Given that compiler development for Haskell is a rather
specialist activity and there are few such specialists, it
would be a problem.

> Let's suppose on the other hand, that the main GHC developers decide to 
> release the next version of GHC and its libraries under GPL. That would 
> mean that it cannot be used to create proprietary software, or to create 
> software that doesn't include a political manifesto by RMS. I doubt that 
> there will be enough talented people available to develop a non-GPLed 
> free version of GHC in parallel. It would destroy any hope of widespread 
> use of Haskell in the "real world".

Why?  Last time I checked, gcc (which is obviously licensed
under the GPL) enjoys wide spread use in the "real world".

> I have a problem with the GPL because, while I'm strongly in favor of 
> Free Software, I have no problem with proprietary software. If my code 
> is released under GPL, It becomes a political tool.

You want to maximise the freedom of software developers.
The GPL maximises the freedom of software users.  There are
many more software users than developers.
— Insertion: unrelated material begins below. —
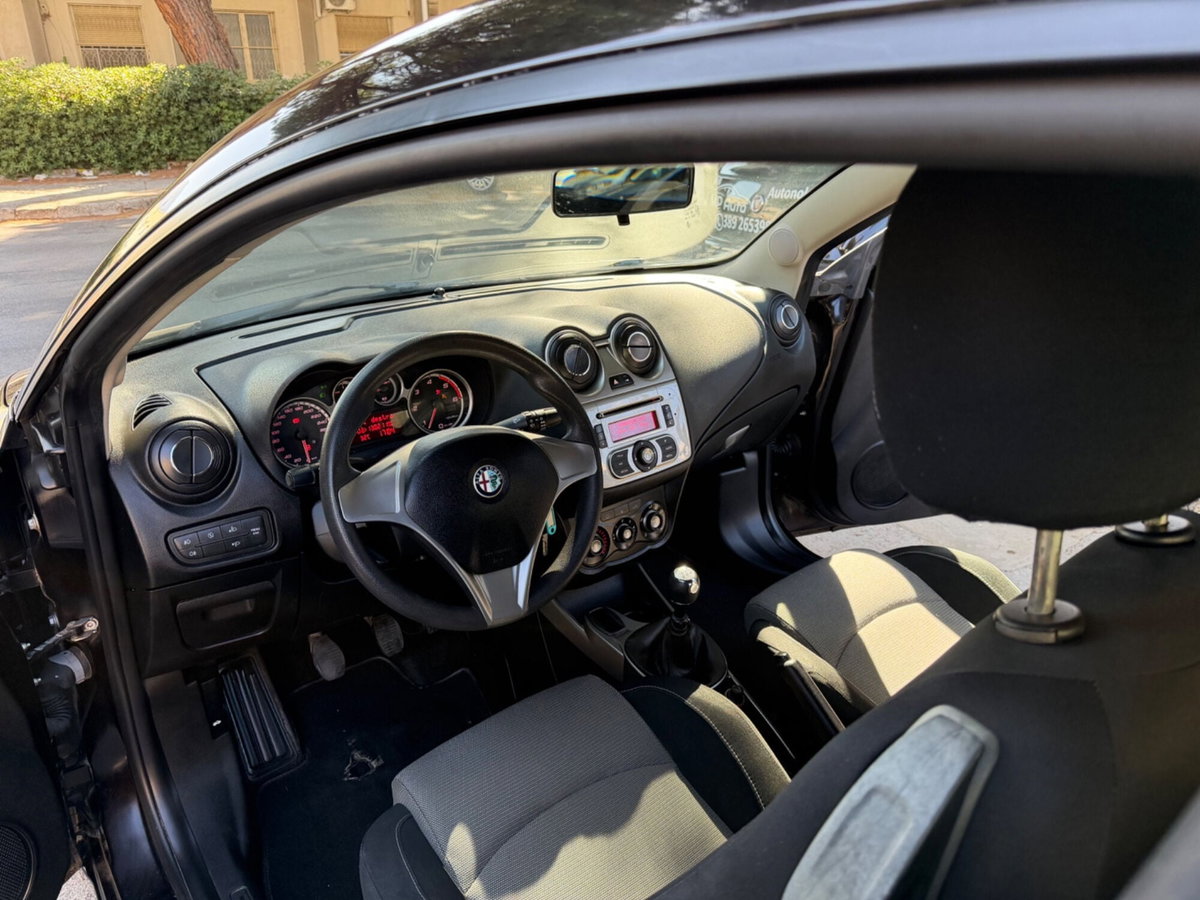 Alfa Romeo MiTo 1.3 JTDm 16V 90 CV Distinctive (4)
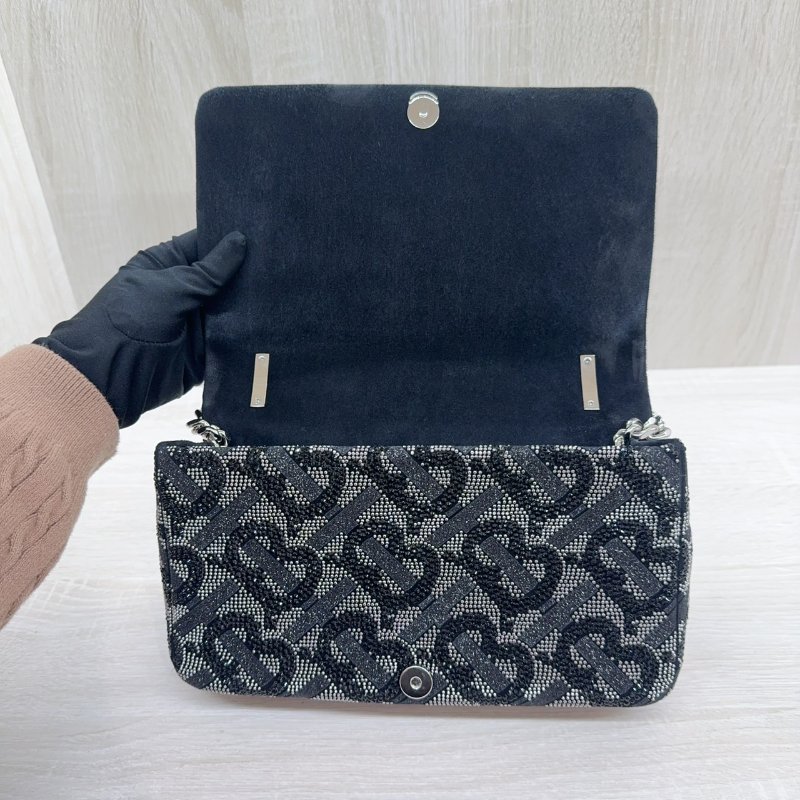 BURBERRY黑銀水鑽銀釦Lola鏈條肩側背包-10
Wolfgang Thaller <wolfgang.thaller@gmx.net> wrote,

> > "GHC doesn't want to be GPL... why? - Would they close it once they 
> > smell
> > money in it?".
> Well, they can't really close it -- the license is a value, not an 
> IORef :-). They can make a closed copy of it. While it would be a pity 
> if those talented people who are currently employed at Microsoft 
> Research would stop contributing code to the free version, it would 
> concern me less than if GHC was put under GPL. And everyone who has seen 
> the GPLed version would then be forbidden to work on a proprietary 
> version of the old non-GPLed source base, because the FSF could sue him 
> for copyright infringement if RMS feels that there is an opportunity to 
> take out a non-free competitor to a free software product. Not my idea 
> of freedom.

Please be careful with what you say and don't spread FUD.
The FSF can sue nobody over GHC whether GHC is licensed
under the GPL or not.  Only the copyright holder can sue
somebody and as long as nobody assigns the copyright to GHC
to the FSF, they can't sue anybody.

Moreover, seeing any GPLed code doesn't in any way affect
your ability to work on a proprietary version of a similar
program.  Such obviously wrong statements don't make your
line of reasoning very convincing.

Alastair Reid <reid@cs.utah.edu> wrote,

> > :) The question here is, are you (plural) really trying to write
> > Free Software or just giving something away now, which will be
> > closed and hogged later?
> The copyright holder(s) of a piece of software is free to change which
> license future copies are released under.  It makes no difference
> whether the license is GPL, BSD, Artistic, Microsoft EULA, or
> whatever.  (This is why the gcc team insist that all copyrights on gcc
> patches be signed over to the FSF.)
> In other words, the GPL gives no more protection against free software
> becoming non-free than the BSD license.  The only defence against this
> is for the copyright owners to make a legally binding promise not to
> do so (as the FSF have done).

This is not enirely correct.  With the GPL, there are
essentially two methods to work by: the GNU method and the
Linux method.  By the GNU method, as you said one entity
lets everybody else assign the copyrights to them.  This
entity is, then, in full control (both wrt to defending the
copyright against infringement and wrt to changing the
licensing terms).

By the Linux method, you accept contributions from a wide
variety of different source and let them keep the copyright.
After a while, the licencing terms, then, become
unchangeable, as it is practically impossible to get all
copyright owners to sign an agreement to change the
copyright.  The disadvantage, as the FSF points out, of this
method is that it also becomes difficult to defend against
copyright infringements.  However, I think for most free
software projects this is not much of a problem, as
copyright enforcement usually works via public uproar (as
demonstrated on Slashdot at regular intervals).

The disadvantage of the GNU method is that you need to have
a *trustworthy* organisation with sufficient financial
resources (such as the FSF) to employ it.

It is interesting to note that both methods work only with
the (L)GPL, but not with the BSD license.